Doctor of Philosophy in Civil and Environmental Engineering

Department

Civil and Environmental Engineering

First Advisor

Mayrai Gindy

Abstract

Statistics by the Federal Highway Administration (FHWA)’s report indicates that 11% of the bridges in the United States are rated as "structurally deficient" and over 30% of existing bridges have exceeded their 50-year design life, meaning that condition assessment and repair programs will require substantial budget in the near future. Current observation-based bridge inspection techniques consist largely of time consuming and subjective measures for quantifying deterioration of bridges. During bridge inspection, simplistic methods for assessing deterioration in concrete bridge decks are only capable of detecting deterioration in its moderate to severe stages. To provide a more thorough assessment of deterioration in concrete bridge decks, advanced technologies should be incorporated into bridge inspection. Some advanced nondestructive testing methods such as Ground Penetrating Radar (GPR), are being implemented that provide sub-surface information. GPR has been successfully used in a wide range of applications. Using advanced technologies like ground penetrating radar (GPR), deterioration hidden from the naked eye or missed using traditional methods, like Chain Dragging and Hammering Sounding, can be more accurately detected.

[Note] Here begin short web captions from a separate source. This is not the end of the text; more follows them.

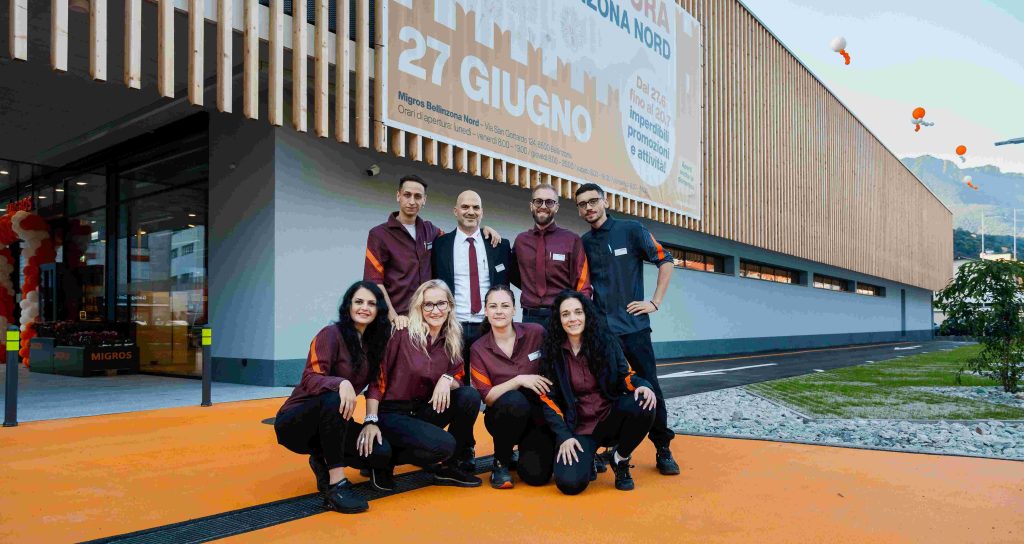 In piedi, da sin. V. Moggio, A. Galizia (gerente), R. Guerra, R. Caiazzo; in basso, Y. Tokmak, B. Rivolta, D. Vidovic (vice ger.), G. Guerra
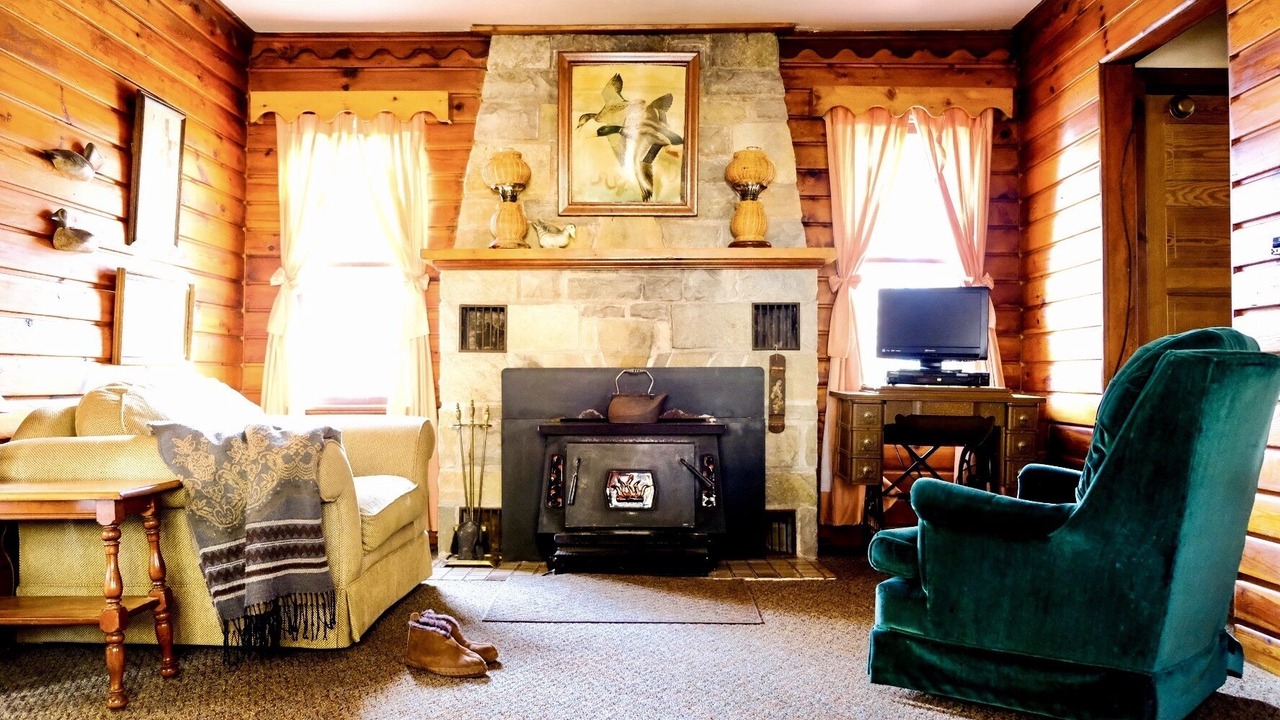 Photo of Livingroom in Idlewild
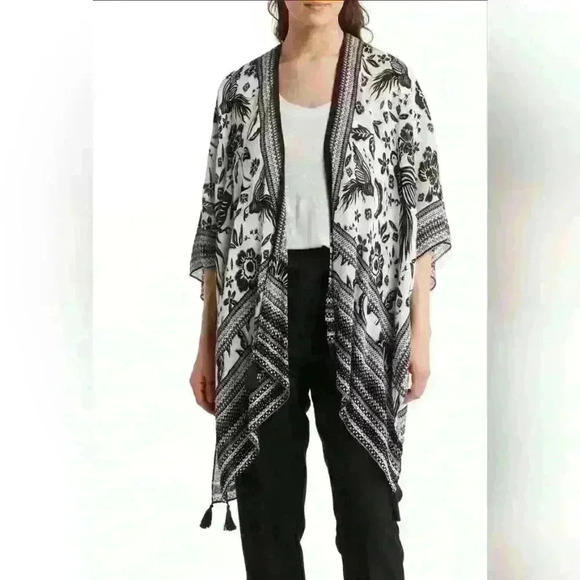 Vince Camuto Jackets & Blazers - Vince Camuto Bird Floral Topper, Tropical, One Size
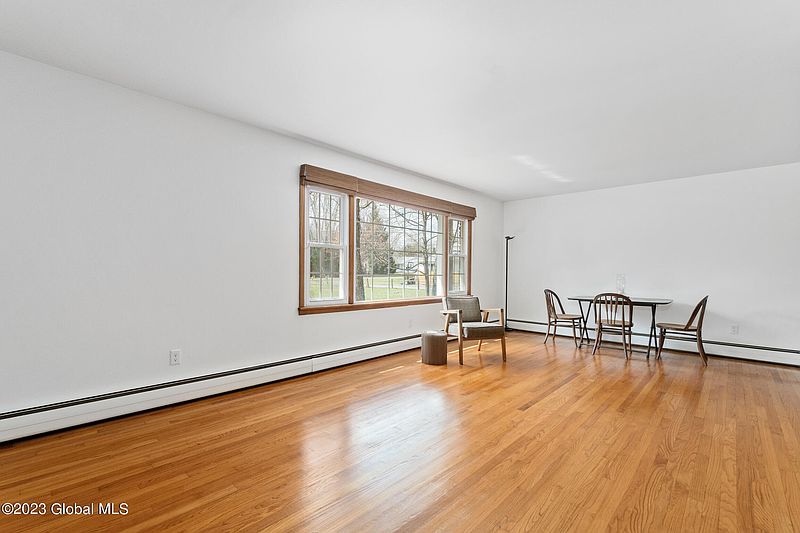 4th image of 79 Woodin Road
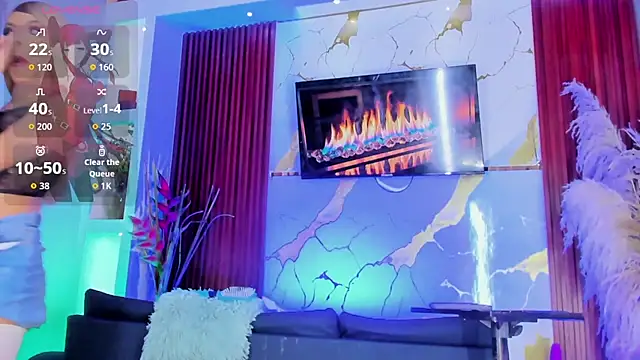 Queens_Wonders_Blonders webcam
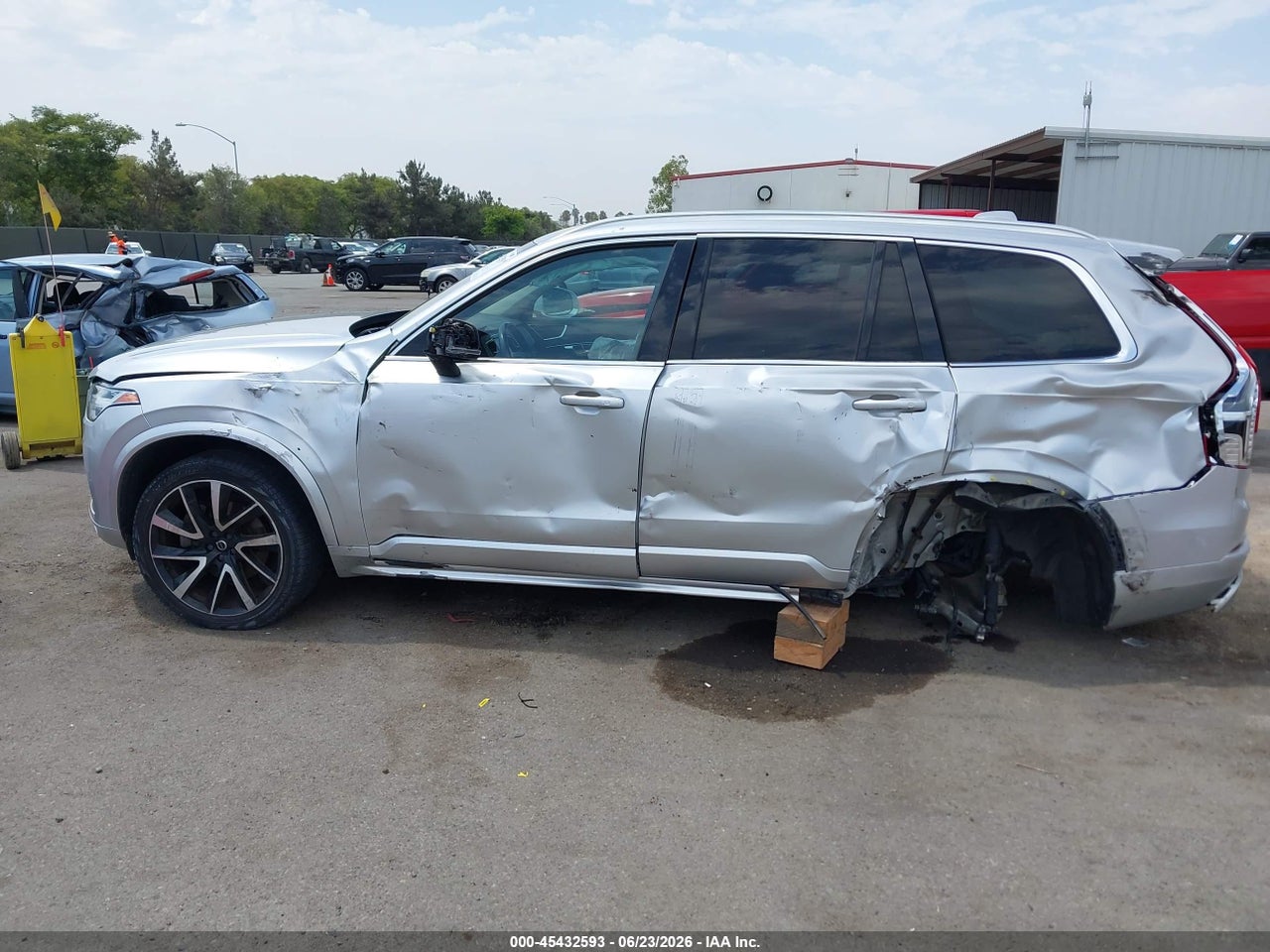 2020 VOLVO XC90 T6 MOMENTUM 7 PASSENGER thumbnail 7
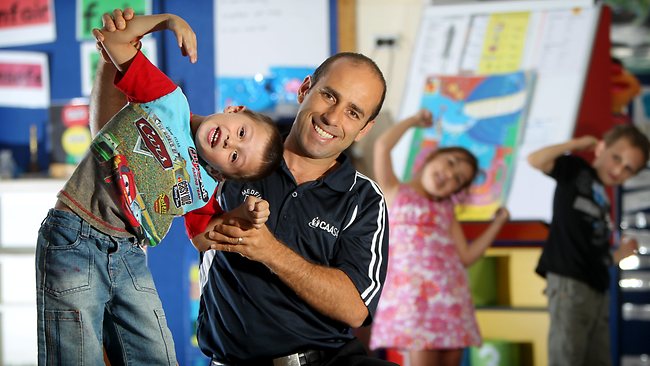 Chiropractor Mario Stefano with West Beach Kindergarten student Zyin. Picture: Calum Robertson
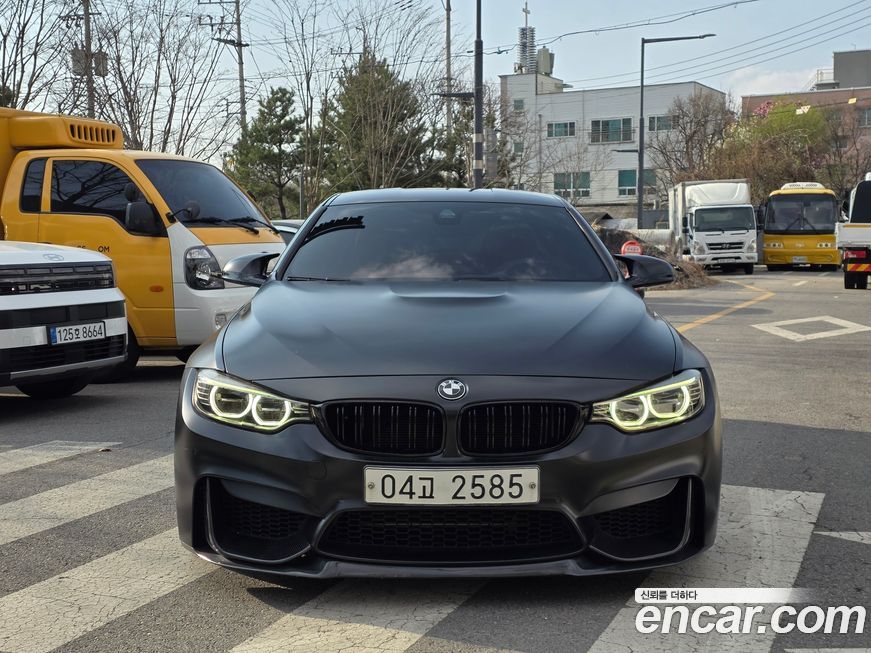 BMW M4 2016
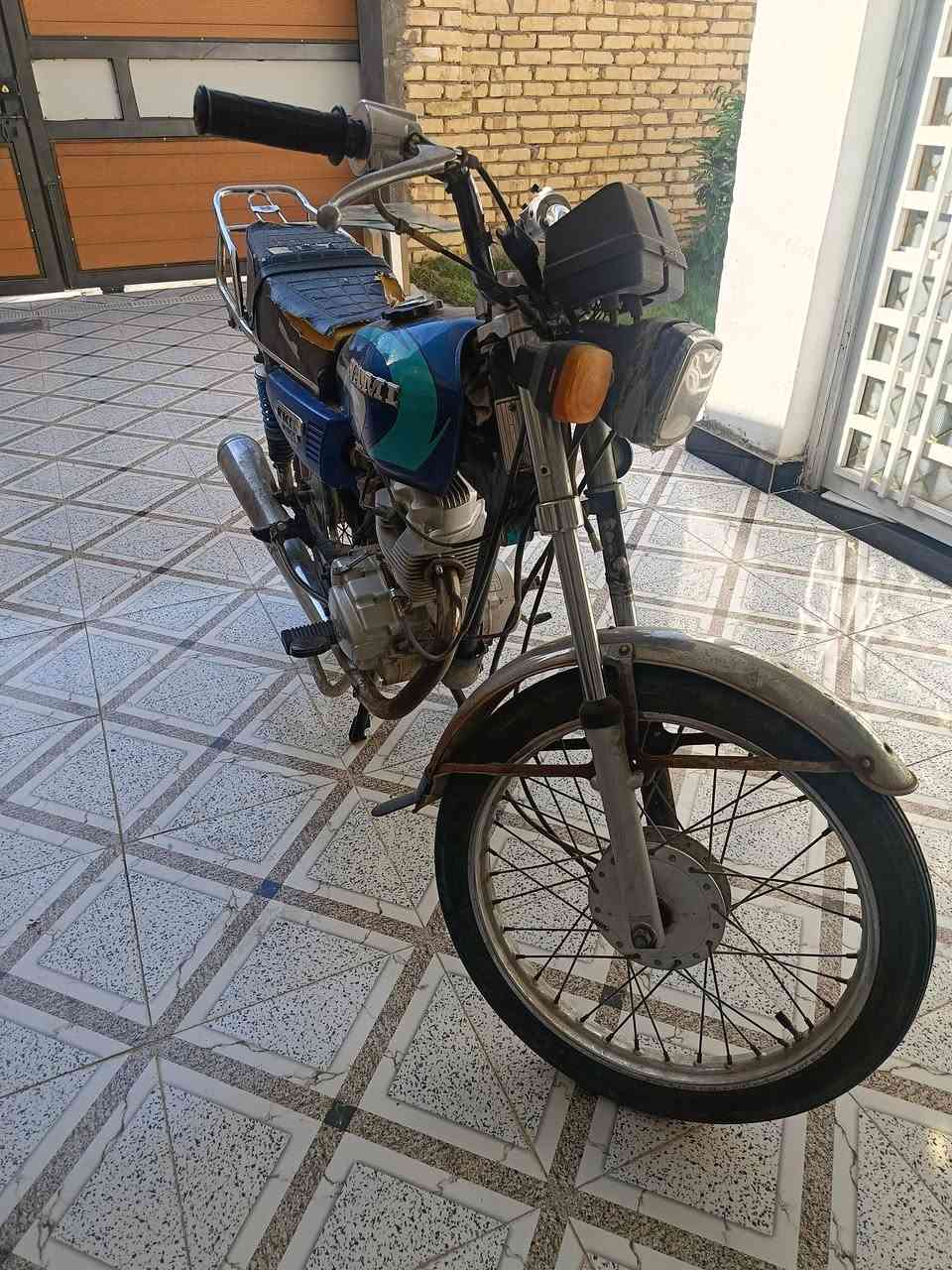 دراجة نامه أصلي سبع اوراق مكينه ما مفتوحه موديل 22 للبيع  اتصل على هذا الرقم ***********
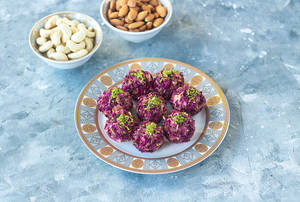 Rose Almond Rock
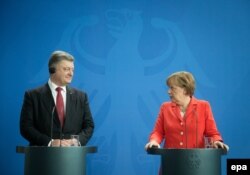 Президент України Петро Порошенко під час спільного брифінгу з канцлером Німеччини Анґелою Меркель. Берлін, 13 травня 2015 року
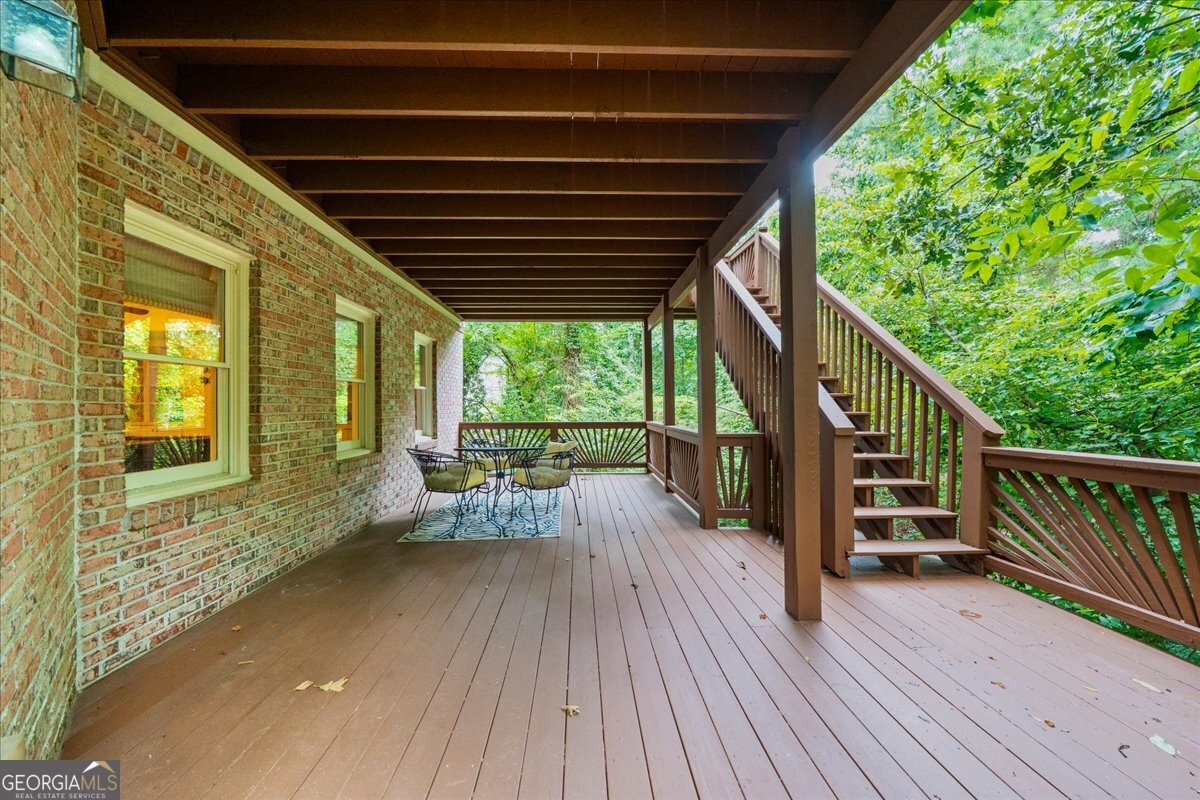 230 Willow Glade Point Property Photo 55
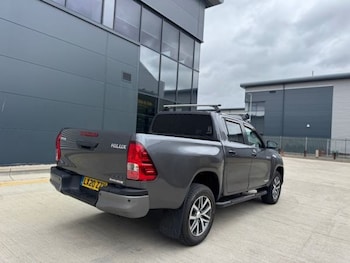 Used Toyota Hilux 2020 for sale - 75482863: Photo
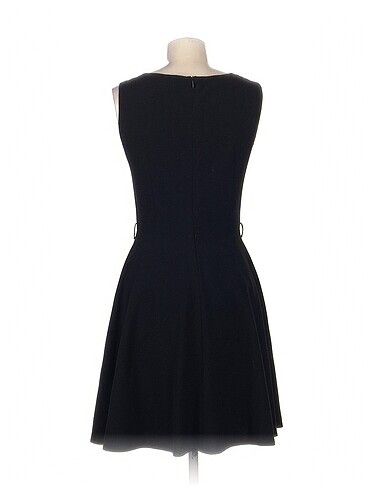 m Beden PreLoved Kısa Elbise %70 İndirimli.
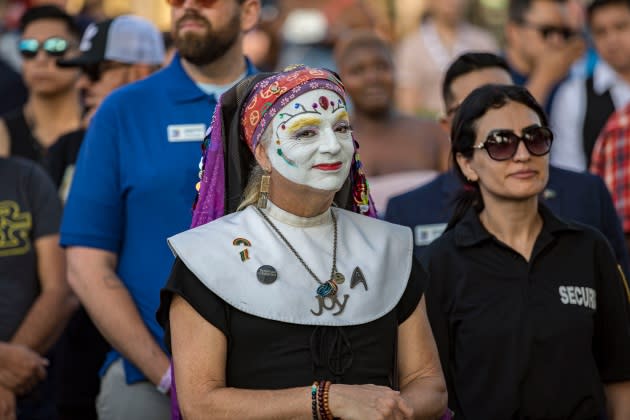 Dodgers Re-Invite Sisters of Perpetual Indulgence to Pride Night – NBC Los  Angeles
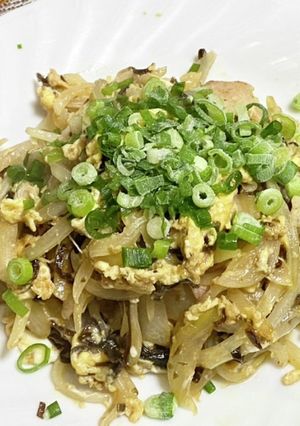 玉ねぎ＆豚バラ肉と卵の塩昆布炒め-レシピのメイン写真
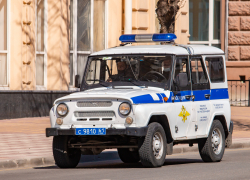 Строитель провел ремонт и украл золотые украшения у жительницы Ростовской области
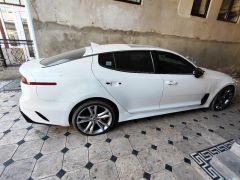 Сүрөт унаа Kia Stinger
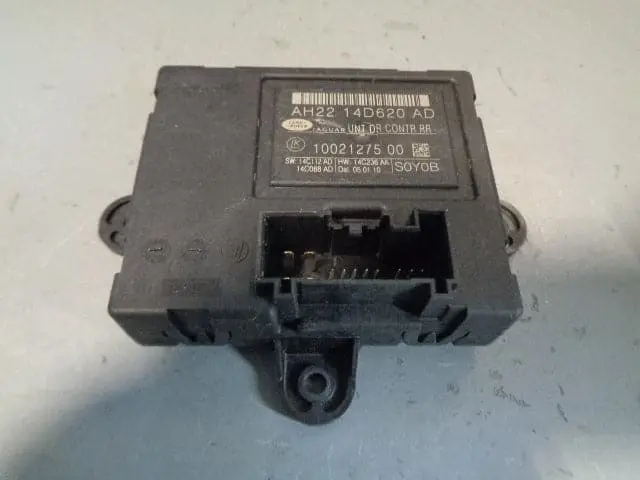 Discovery 4 Door Control Module Ecu Rear Ah22 14D620 Ad Land Rover 1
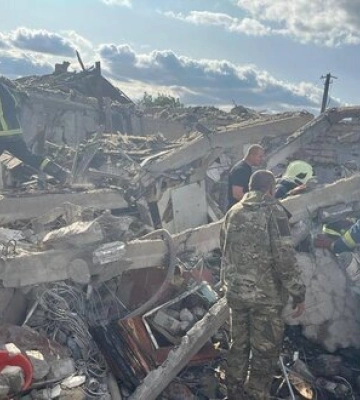 48 осіб, зокрема дитина, загинули внаслідок удару РФ по селу Гроза на Харківщині. ФОТОрепортаж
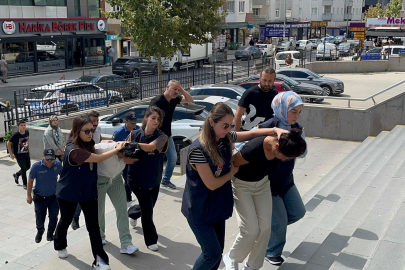 Gözlük Takarak Şüphe Uyandırmamaya Çalışan 3 Kadın Hırsız Yakalandı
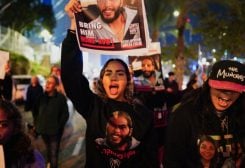مظاهرات في تل أبيب تحمّل نتنياهو مسؤولية عدم الوصول لصفقة للإفراج عن الأسرى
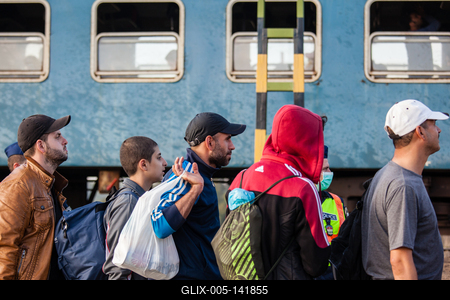 GYEKENYES- OCTOBER 5 : War refugees at the Gyekenyes Zakany Railway Station on 5 October 2015 in Gyekenyes, Hungary. Refugees are arriving constantly to Hungary on the way to Germany.-stock-foto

Automatic rebar detection in GPR data is the basic step in an automatic system for GPR-based condition evaluation of bridge decks. Achieving real-time performance on Acorn Reduced Instruction Set Computing Machine (ARM) based platforms for onsite applications still remains a challenge. Development an accurate and cost-effective system for real-time onsite rebar detection in GPR images is goal of this study. The authors proposed a novel computer vision-based method for automatic detection of rebars in complex GPR images in highly deteriorated concrete bridge decks. Extensive experiment performed to develop a reference for selecting a deep learning-based detection architecture that provides the right accuracy, speed, and memory usage balance for real-time detection of rebars on the latest version of ARM-based platforms. A deep learning-based detector is presented that can be deployed on the latest version of ARM-based platforms. State of the art results is obtained on GPRDETN detection task by implementing rebar detection model using Faster R-CNN with ResNet 101 CNN backbone.